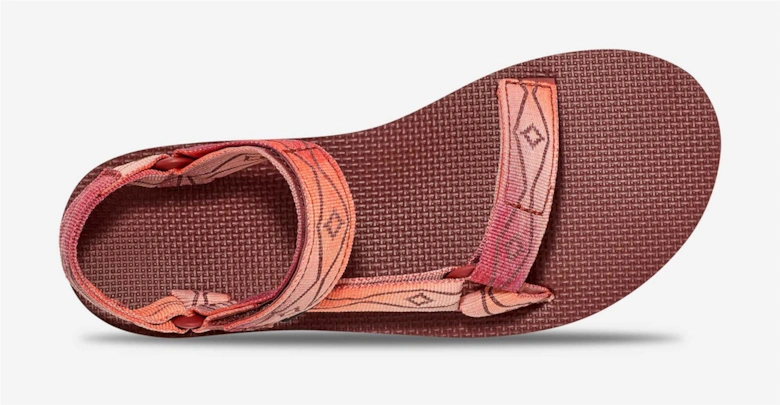 Flatform Universal Women's Sunscape Scarlet Sandals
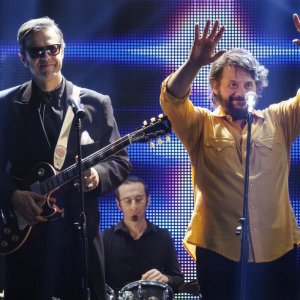 Un natale stupefacente: Lillo e Greg in una scena della commedia natalizia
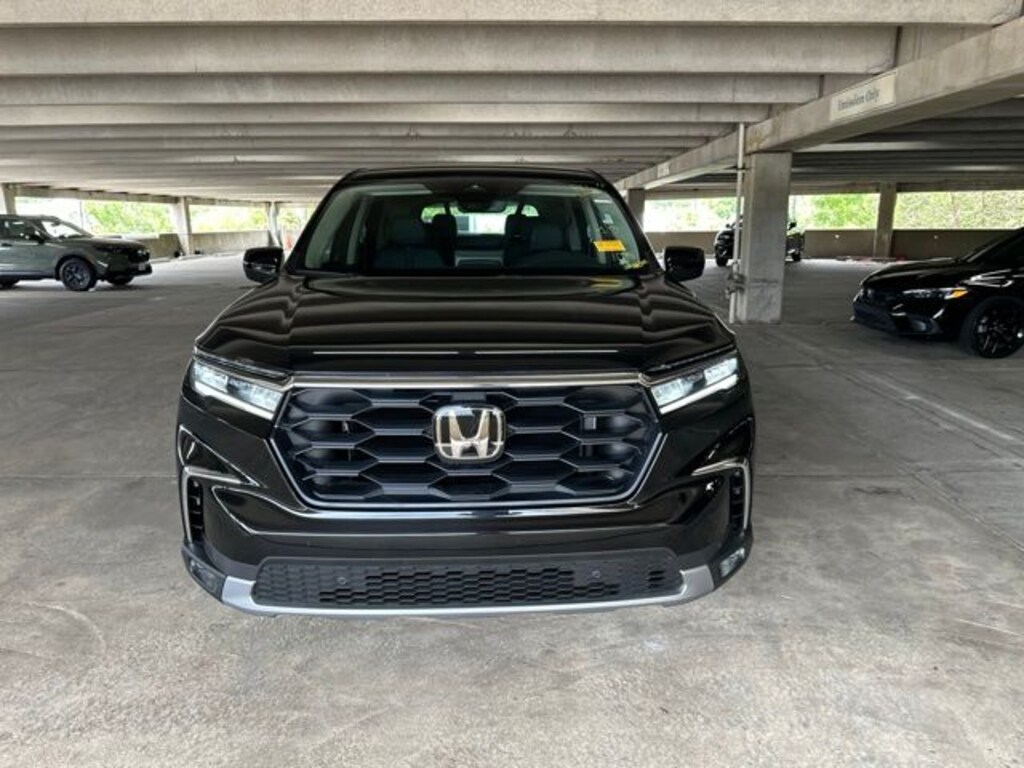 Certified 2025 Honda Pilot EX-L SUV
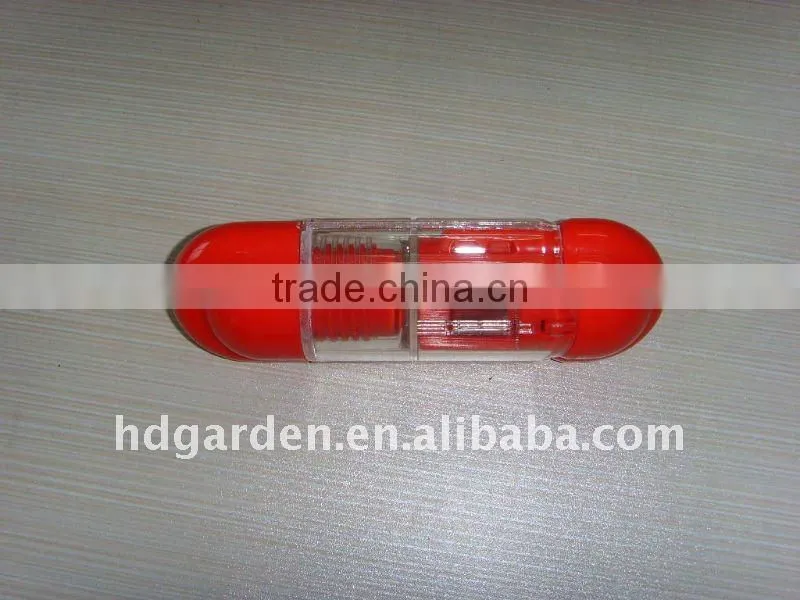Plastic pill cutting tool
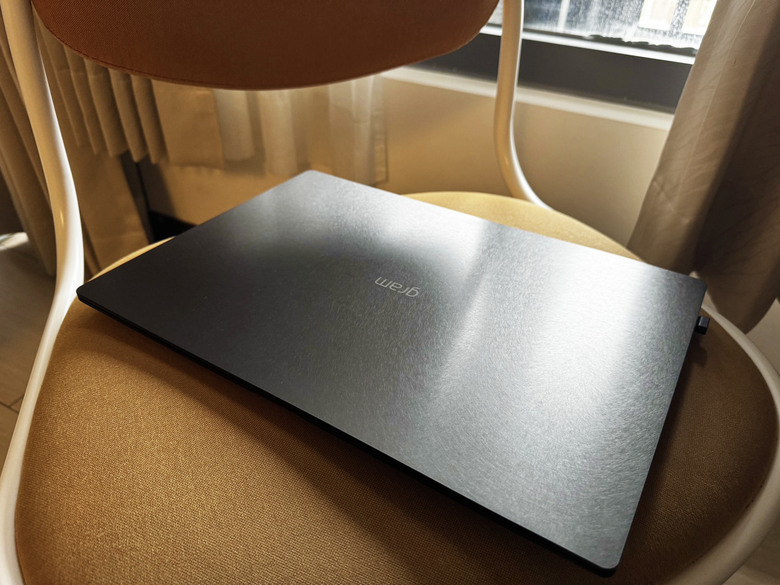 LG gram pro 16 三個月心得:極度愉悅、神機降臨 (U7 258v版)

######

- [Goal of the exercise] Without including any picture, copy the listing above exactly and in full.

- [Task answer]
 Flatform Universal Women's Sunscape Scarlet Sandals
 Un natale stupefacente: Lillo e Greg in una scena della commedia natalizia
 Certified 2025 Honda Pilot EX-L SUV
Plastic pill cutting tool
 LG gram pro 16 三個月心得:極度愉悅、神機降臨 (U7 258v版)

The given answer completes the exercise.